# YOUR INSTRUCTIONS
Repeat the following entries exactly, excluding pictures.

--- START ---

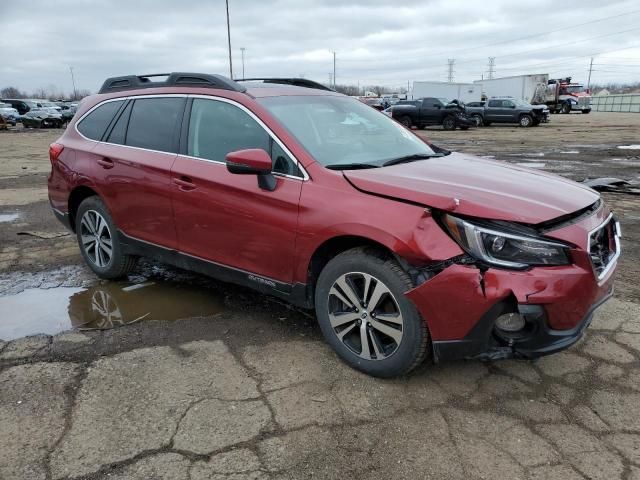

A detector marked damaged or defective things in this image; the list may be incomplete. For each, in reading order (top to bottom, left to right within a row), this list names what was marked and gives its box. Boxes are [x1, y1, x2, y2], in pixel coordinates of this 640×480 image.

crumpled hood [344, 153, 600, 224]
broken headlight assembly [440, 213, 568, 268]
cracked concrete pavement [1, 114, 640, 478]
damaged front bumper [408, 258, 616, 360]
cracked concrete pavement [0, 294, 636, 478]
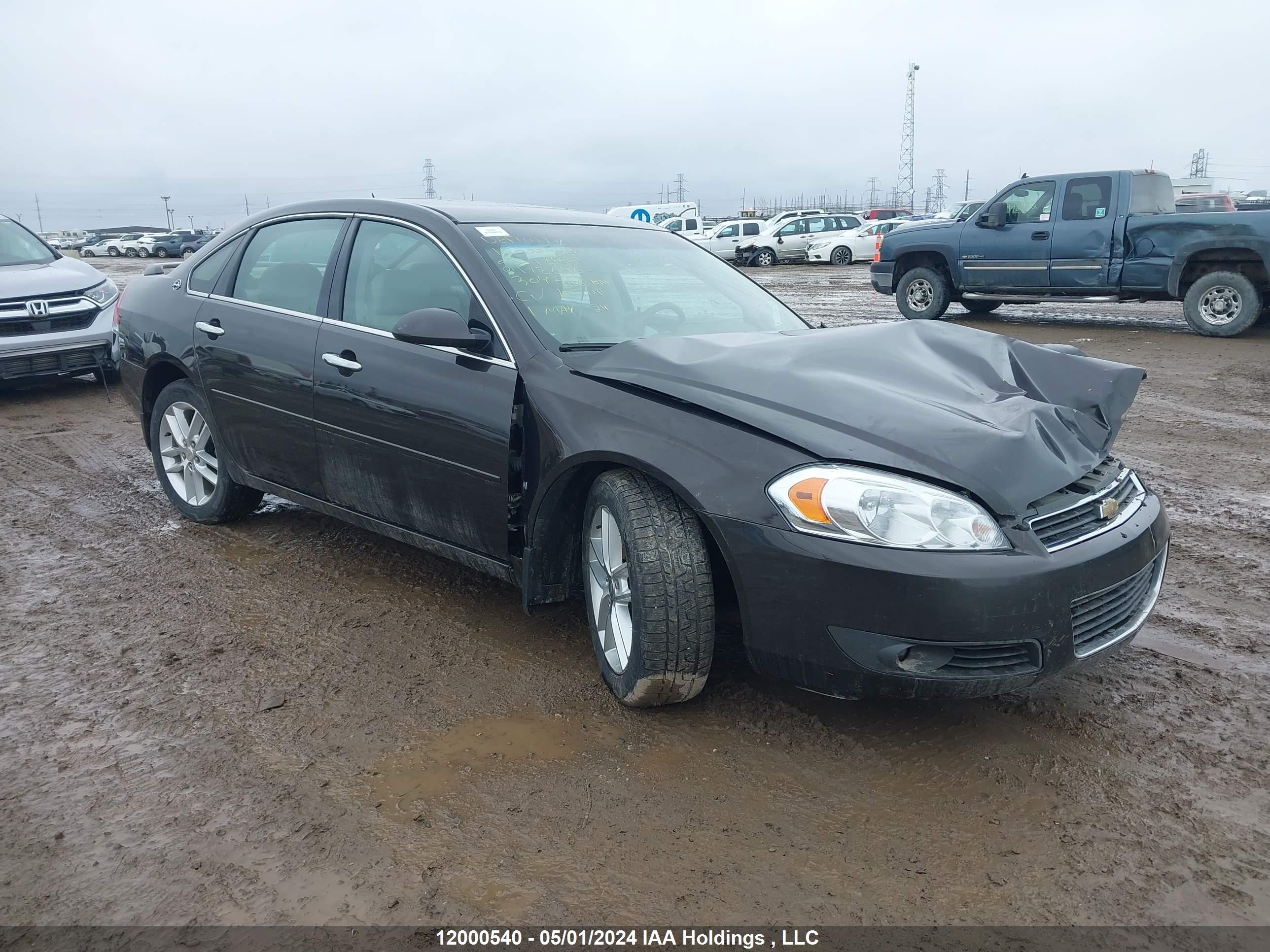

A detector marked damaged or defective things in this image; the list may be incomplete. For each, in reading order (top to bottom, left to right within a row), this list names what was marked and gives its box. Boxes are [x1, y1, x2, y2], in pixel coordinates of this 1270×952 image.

crumpled hood [0, 257, 107, 298]
damaged black sedan [114, 202, 1163, 711]
crumpled hood [571, 322, 1148, 518]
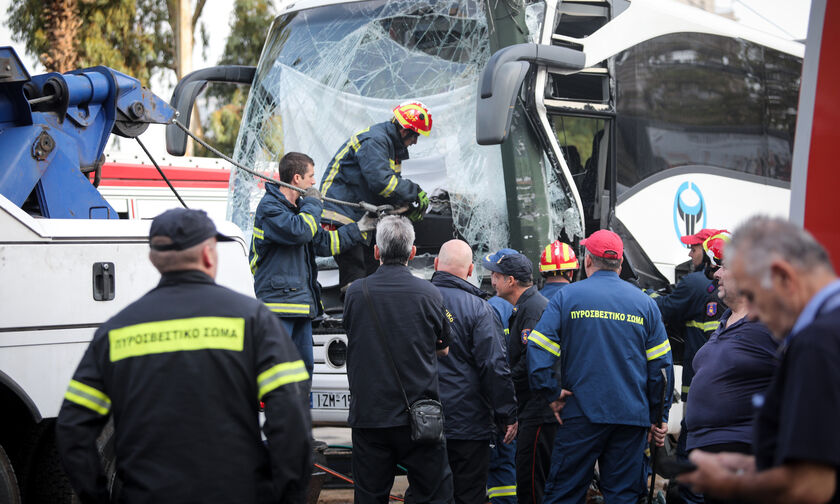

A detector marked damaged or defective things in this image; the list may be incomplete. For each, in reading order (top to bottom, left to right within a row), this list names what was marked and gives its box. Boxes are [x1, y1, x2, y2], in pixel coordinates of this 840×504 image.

shattered windshield [226, 0, 508, 260]
broken glass [226, 0, 512, 266]
damaged bus [164, 0, 800, 426]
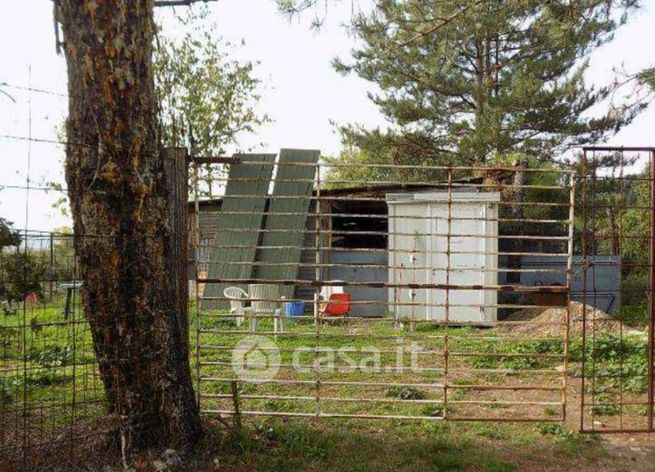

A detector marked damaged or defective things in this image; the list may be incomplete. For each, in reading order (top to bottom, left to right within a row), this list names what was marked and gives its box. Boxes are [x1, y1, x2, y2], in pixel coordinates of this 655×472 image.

rusty metal gate [192, 154, 580, 424]
rusty metal gate [580, 146, 655, 434]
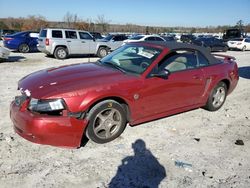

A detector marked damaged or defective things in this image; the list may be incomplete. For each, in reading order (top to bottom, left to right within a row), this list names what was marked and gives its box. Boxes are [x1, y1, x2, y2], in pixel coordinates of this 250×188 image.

damaged hood [18, 62, 133, 99]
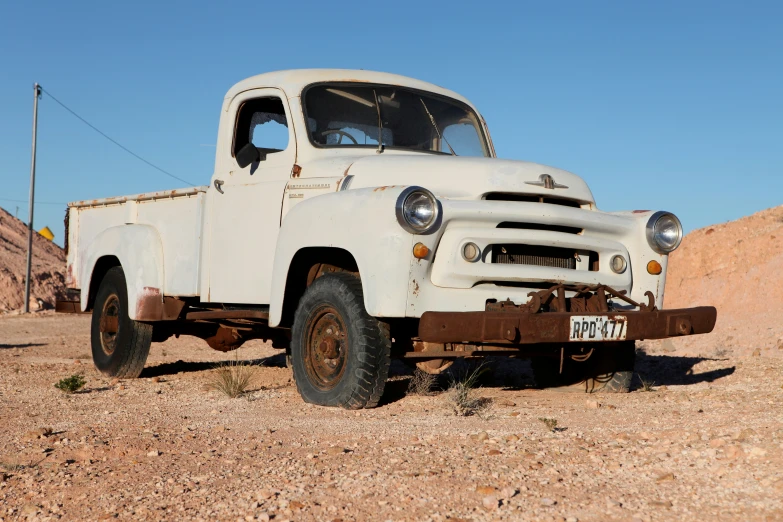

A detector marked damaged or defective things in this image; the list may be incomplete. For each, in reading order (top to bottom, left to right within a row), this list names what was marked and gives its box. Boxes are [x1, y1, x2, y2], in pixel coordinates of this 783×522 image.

rusty wheel rim [99, 292, 120, 354]
rusty wheel rim [304, 304, 350, 390]
rusty bumper [420, 302, 720, 344]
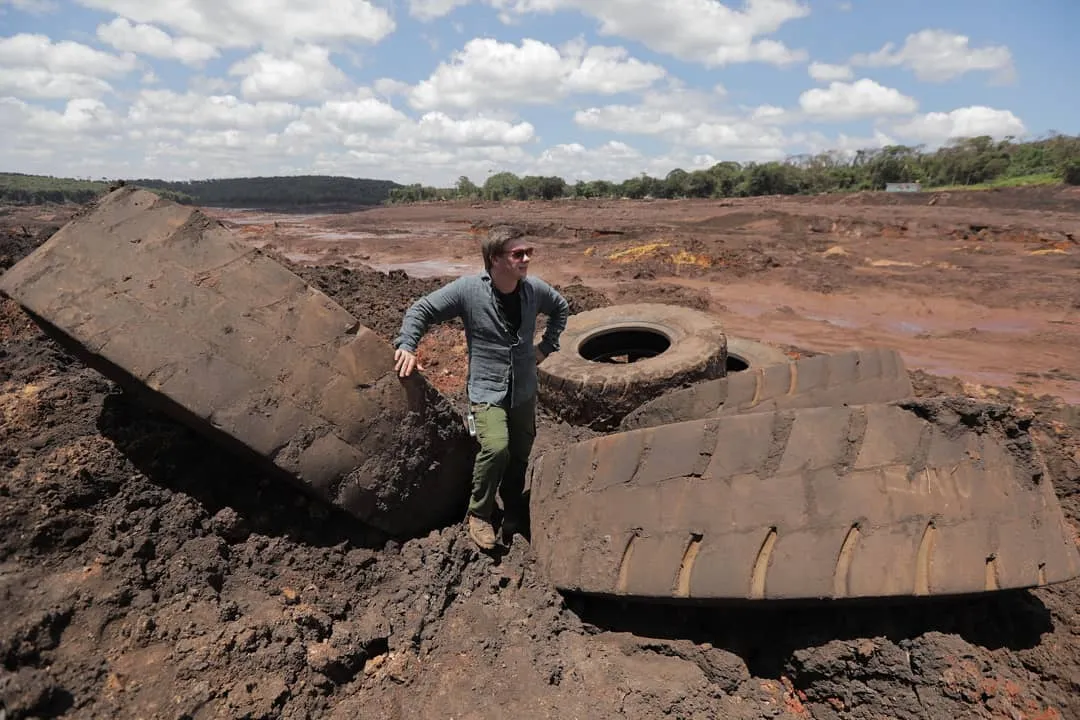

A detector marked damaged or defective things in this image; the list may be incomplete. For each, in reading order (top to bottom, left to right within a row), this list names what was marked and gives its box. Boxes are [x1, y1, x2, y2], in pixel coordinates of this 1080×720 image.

overturned tire [536, 302, 724, 430]
overturned tire [720, 336, 788, 372]
overturned tire [624, 348, 912, 430]
overturned tire [528, 400, 1080, 600]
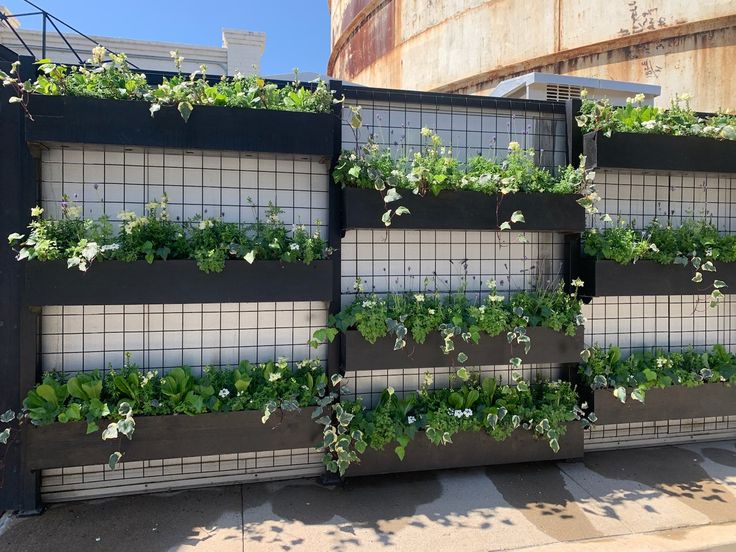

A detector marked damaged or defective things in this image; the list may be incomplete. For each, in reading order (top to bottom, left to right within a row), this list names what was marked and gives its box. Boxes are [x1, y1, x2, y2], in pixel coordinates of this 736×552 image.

rusted metal silo [330, 0, 736, 112]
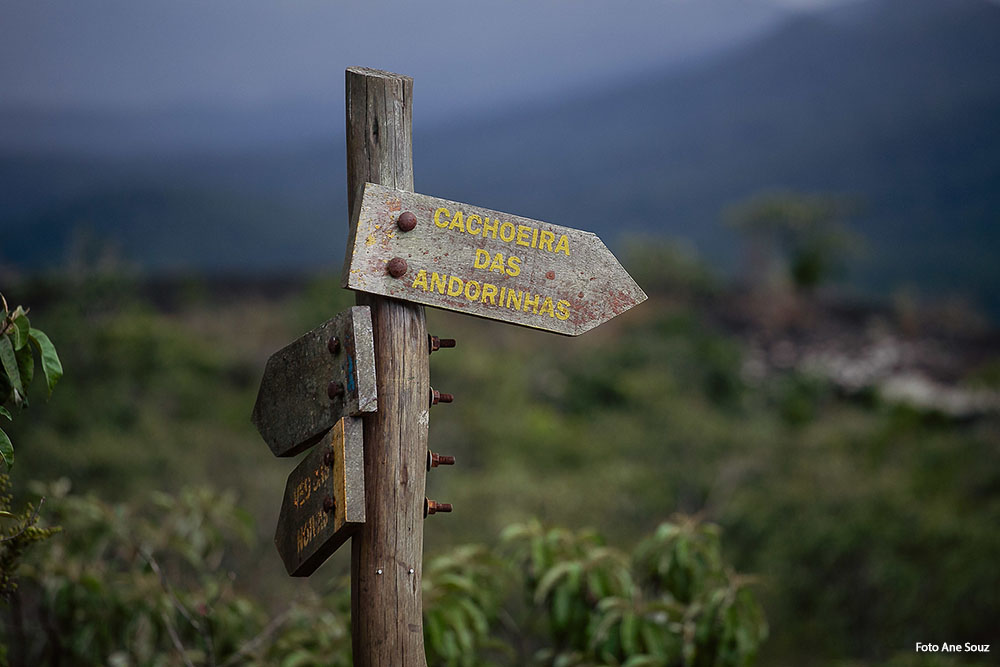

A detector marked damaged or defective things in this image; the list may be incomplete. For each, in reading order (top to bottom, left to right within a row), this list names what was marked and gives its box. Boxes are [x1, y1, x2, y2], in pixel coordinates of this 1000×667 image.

rusty bolt head [396, 214, 416, 235]
rusty nail in post [396, 214, 416, 235]
rusty nail in post [388, 256, 408, 276]
rusty bolt head [388, 256, 408, 276]
rusty bolt head [330, 336, 346, 358]
rusty nail in post [430, 336, 460, 352]
rusty nail in post [330, 380, 346, 402]
rusty nail in post [430, 452, 460, 472]
rusty bolt head [430, 452, 460, 472]
rusty nail in post [422, 498, 454, 520]
rusty bolt head [422, 498, 454, 520]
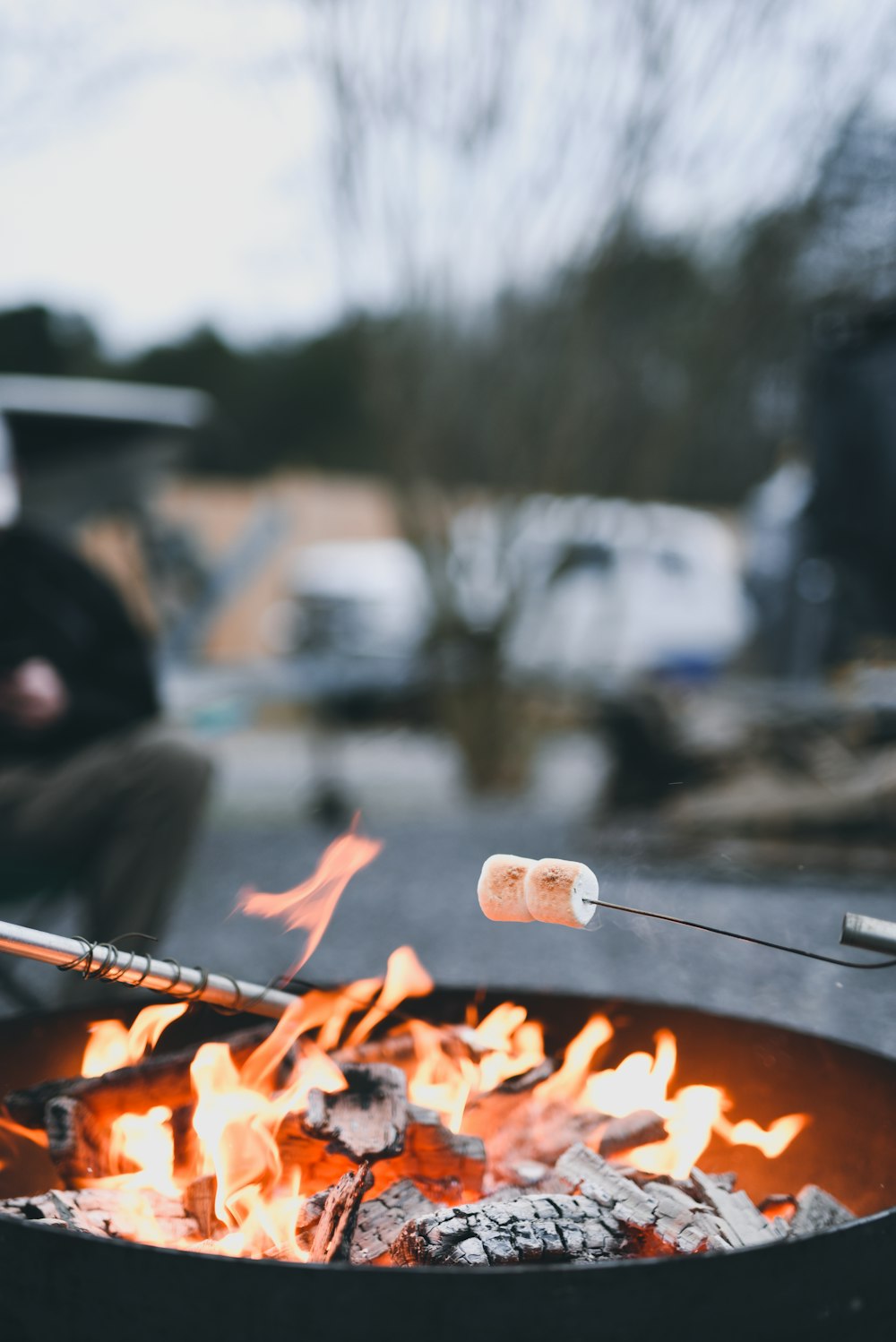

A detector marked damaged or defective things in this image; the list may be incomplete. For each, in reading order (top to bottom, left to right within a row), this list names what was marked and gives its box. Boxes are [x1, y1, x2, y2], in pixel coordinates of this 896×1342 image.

rusty interior of fire pit [1, 971, 895, 1272]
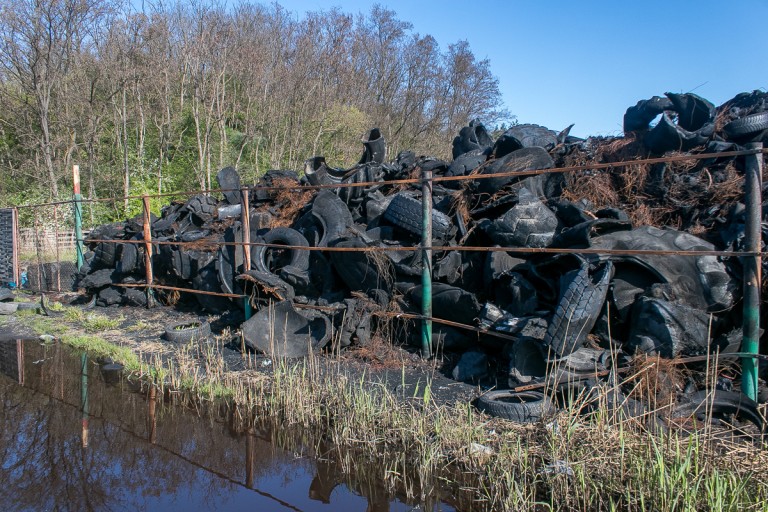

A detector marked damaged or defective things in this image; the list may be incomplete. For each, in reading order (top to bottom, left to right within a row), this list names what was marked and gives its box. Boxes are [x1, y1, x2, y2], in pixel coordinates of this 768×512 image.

--- END ---

# FINISHED EXERCISE
A detector marked damaged or defective things in this image; the list may be incomplete. For each, in reading order (top to bottom, left to right within a row), this list names what was marked and gives its box. Boxes are [x1, y1, x2, y2], in pixel coordinates of this 640×480 image.

crumpled hood [344, 153, 600, 224]
broken headlight assembly [440, 213, 568, 268]
cracked concrete pavement [1, 114, 640, 478]
damaged front bumper [408, 258, 616, 360]
cracked concrete pavement [0, 294, 636, 478]

A detector marked damaged or defective things in this image; the list may be incomplete. For each, in reading order (top to bottom, left to right within a row), this list names what was marked and gives its box. Boxes are [x1, y1, x2, y2], in pixel coordinates of this 1270×952 image.

crumpled hood [0, 257, 107, 298]
damaged black sedan [114, 202, 1163, 711]
crumpled hood [571, 322, 1148, 518]

A detector marked damaged or defective things in this image; the list may be incomplete. For each, in reading order (top to bottom, left to right within a row), this list names what was marked and gives its box. Boxes are [x1, y1, x2, y2], in pixel coordinates of this 840×504 image.

shattered windshield [226, 0, 508, 260]
broken glass [226, 0, 512, 266]
damaged bus [164, 0, 800, 426]

A detector marked damaged or defective things in this image; the list may be incomplete. For each, in reading order (top to bottom, left to right within a row), this list names what was marked and gives its box. Boxes are [x1, y1, x2, y2], in pixel coordinates of this 655×472 image.

rusty metal gate [192, 154, 580, 424]
rusty metal gate [580, 146, 655, 434]

A detector marked damaged or defective things in this image; the list may be incomplete. For each, in reading order (top to bottom, left to right within a row), this list names what was marked and gives its box. Boxes are [x1, y1, x2, y2], in pixel coordinates of this 250×188 image.

damaged hood [18, 62, 133, 99]

A detector marked damaged or defective things in this image; the list may be incomplete. For each, in reading order (top to bottom, left to right within a row), this list names what was marked and gives its box. Boxes are [x1, y1, x2, y2], in pixel coordinates of this 783×522 image.

rusty wheel rim [99, 292, 120, 354]
rusty wheel rim [304, 304, 350, 390]
rusty bumper [420, 302, 720, 344]

A detector marked damaged or defective things in this image; the list may be incomplete. For each, in reading order (top to bottom, left to right within a row), this list names what was marked and gives its box. Boxes are [x1, y1, x2, y2], in pixel coordinates of this 1080×720 image.

overturned tire [536, 302, 724, 430]
overturned tire [720, 336, 788, 372]
overturned tire [624, 348, 912, 430]
overturned tire [528, 400, 1080, 600]

A detector marked damaged or defective things in this image; the list may be incomplete. For each, in reading order (top to bottom, left to right within a row), this list names what was marked and gives its box. Boxes are [x1, y1, x2, y2], in pixel coordinates of this 736×552 image.

rusted metal silo [330, 0, 736, 112]

A detector marked damaged or defective things in this image; the list may be incomplete. For each, in reading order (top to bottom, left to right within a row), this list names what was marked and gives its box. Boxes are [x1, y1, x2, y2], in pixel coordinates of this 1000×667 image.

rusty bolt head [396, 214, 416, 235]
rusty nail in post [396, 214, 416, 235]
rusty nail in post [388, 256, 408, 276]
rusty bolt head [388, 256, 408, 276]
rusty bolt head [330, 336, 346, 358]
rusty nail in post [430, 336, 460, 352]
rusty nail in post [330, 380, 346, 402]
rusty nail in post [430, 452, 460, 472]
rusty bolt head [430, 452, 460, 472]
rusty nail in post [422, 498, 454, 520]
rusty bolt head [422, 498, 454, 520]

A detector marked damaged or defective things in this image; the list may be incomplete. For each, in reading order (top to bottom, left to right within a row), this list names what was marked and gives its box. Boxes are [x1, y1, x2, y2], in pixel coordinates of this 896×1342 image.

rusty interior of fire pit [1, 971, 895, 1272]

A detector marked damaged or defective things in this image; the list may be incomplete. For each, in reading order (top to bottom, left to right within a row), this list names what was marked and gives its box. Boxes are [x1, y1, x2, y2], in pixel coordinates of this 768×512 image.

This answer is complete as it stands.